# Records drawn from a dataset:
▼▼▼
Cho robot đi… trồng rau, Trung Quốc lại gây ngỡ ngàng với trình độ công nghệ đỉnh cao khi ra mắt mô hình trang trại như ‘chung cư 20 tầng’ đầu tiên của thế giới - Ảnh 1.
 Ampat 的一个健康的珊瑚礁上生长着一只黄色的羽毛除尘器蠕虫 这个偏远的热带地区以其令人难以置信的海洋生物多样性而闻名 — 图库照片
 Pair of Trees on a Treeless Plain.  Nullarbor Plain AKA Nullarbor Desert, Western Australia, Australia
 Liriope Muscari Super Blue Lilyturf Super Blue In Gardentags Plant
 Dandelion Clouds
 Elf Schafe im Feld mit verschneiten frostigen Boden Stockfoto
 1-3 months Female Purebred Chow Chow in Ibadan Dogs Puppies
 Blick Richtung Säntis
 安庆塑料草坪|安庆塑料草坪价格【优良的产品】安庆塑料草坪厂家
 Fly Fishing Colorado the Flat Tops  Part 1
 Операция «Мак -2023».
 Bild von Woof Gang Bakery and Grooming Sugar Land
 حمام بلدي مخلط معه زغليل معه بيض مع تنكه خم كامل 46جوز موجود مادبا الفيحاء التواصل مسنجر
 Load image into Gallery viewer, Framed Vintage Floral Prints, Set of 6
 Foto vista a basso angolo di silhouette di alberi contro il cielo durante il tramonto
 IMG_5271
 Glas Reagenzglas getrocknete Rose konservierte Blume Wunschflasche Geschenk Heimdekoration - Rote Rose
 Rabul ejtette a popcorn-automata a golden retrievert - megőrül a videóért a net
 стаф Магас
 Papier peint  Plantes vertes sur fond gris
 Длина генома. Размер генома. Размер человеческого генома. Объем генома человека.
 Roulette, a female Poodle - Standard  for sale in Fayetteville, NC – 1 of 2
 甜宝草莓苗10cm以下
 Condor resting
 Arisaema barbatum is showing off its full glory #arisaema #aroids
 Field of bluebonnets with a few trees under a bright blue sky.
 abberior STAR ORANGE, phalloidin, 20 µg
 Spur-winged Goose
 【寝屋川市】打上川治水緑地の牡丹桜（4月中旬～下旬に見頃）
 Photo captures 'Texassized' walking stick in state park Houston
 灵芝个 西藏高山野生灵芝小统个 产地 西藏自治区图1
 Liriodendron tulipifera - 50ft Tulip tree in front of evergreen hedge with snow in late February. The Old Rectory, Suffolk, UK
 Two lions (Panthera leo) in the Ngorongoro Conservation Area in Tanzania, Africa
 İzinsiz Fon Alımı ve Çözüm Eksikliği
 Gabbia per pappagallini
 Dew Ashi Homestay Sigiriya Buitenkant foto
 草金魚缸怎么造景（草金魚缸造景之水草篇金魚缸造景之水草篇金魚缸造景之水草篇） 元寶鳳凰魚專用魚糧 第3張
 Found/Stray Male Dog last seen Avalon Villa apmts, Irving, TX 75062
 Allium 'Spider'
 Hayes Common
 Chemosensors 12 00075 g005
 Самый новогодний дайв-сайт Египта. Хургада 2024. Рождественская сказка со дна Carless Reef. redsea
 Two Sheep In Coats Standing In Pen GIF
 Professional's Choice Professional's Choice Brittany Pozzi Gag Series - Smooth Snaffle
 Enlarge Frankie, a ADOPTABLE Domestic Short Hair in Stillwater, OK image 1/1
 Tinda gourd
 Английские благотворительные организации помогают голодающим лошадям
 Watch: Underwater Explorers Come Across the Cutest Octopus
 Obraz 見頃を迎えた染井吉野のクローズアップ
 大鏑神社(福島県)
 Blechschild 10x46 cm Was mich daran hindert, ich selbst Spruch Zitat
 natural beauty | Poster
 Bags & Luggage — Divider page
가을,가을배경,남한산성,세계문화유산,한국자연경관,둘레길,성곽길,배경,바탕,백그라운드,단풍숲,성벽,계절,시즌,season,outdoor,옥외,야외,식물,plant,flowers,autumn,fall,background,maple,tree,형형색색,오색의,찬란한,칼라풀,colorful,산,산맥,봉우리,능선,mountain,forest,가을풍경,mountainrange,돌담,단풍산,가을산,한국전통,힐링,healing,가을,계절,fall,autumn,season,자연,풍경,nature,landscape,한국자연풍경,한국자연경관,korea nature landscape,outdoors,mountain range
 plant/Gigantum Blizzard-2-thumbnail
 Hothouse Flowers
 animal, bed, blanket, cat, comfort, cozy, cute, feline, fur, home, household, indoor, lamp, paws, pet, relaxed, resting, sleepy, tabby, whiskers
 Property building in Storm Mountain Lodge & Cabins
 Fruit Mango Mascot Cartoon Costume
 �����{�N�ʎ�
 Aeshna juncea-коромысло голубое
▲▲▲
Search the data for the string "with". List each line that has it.

 Field of bluebonnets with a few trees under a bright blue sky.
 Liriodendron tulipifera - 50ft Tulip tree in front of evergreen hedge with snow in late February. The Old Rectory, Suffolk, UK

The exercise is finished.